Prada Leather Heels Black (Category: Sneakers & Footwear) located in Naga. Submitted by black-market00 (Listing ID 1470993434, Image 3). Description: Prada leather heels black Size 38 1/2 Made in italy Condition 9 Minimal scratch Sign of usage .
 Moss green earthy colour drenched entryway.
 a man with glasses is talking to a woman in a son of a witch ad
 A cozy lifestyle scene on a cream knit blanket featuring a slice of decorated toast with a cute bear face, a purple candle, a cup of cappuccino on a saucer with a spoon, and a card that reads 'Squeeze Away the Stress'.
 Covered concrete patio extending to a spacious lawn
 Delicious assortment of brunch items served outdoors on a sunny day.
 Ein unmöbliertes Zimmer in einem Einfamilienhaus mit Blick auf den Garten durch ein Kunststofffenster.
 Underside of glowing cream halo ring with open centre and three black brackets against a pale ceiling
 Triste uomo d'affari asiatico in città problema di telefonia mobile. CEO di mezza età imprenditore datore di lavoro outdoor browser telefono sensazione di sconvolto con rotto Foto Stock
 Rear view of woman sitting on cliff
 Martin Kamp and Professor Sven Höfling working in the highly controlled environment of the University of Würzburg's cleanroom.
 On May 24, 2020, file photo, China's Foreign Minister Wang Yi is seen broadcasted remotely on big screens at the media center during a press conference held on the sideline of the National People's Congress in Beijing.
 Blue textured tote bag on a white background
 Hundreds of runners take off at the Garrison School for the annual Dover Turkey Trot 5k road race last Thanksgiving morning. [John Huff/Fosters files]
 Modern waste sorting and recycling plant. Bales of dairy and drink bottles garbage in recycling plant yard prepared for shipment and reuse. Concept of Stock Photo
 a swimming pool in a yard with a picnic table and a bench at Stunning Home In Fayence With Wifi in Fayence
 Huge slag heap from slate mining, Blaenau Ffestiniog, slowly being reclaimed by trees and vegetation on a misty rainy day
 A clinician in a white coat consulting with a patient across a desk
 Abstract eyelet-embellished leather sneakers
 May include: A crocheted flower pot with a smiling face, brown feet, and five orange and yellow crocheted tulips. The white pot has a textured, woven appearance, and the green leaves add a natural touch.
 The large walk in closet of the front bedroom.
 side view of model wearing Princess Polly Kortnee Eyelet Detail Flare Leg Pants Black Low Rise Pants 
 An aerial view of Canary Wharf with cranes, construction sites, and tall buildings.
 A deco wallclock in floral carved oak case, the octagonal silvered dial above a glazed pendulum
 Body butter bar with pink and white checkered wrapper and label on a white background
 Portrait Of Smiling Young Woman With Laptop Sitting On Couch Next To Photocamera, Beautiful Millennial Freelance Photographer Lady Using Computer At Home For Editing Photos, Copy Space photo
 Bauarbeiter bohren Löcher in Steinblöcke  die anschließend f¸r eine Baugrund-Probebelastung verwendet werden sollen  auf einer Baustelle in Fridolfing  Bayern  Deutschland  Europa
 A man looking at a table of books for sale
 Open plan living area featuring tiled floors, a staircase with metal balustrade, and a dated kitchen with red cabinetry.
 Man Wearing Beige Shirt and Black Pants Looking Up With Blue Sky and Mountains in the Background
========================
### [ASSIGNMENT]
Each line, beginning at the one that contains "Bauarbeiter bohren Löcher" and continuing through the end of the records, must be written out exactly, first and last included.

### [SOLVED EXERCISE]
 Bauarbeiter bohren Löcher in Steinblöcke  die anschließend f¸r eine Baugrund-Probebelastung verwendet werden sollen  auf einer Baustelle in Fridolfing  Bayern  Deutschland  Europa
 A man looking at a table of books for sale
 Open plan living area featuring tiled floors, a staircase with metal balustrade, and a dated kitchen with red cabinetry.
 Man Wearing Beige Shirt and Black Pants Looking Up With Blue Sky and Mountains in the Background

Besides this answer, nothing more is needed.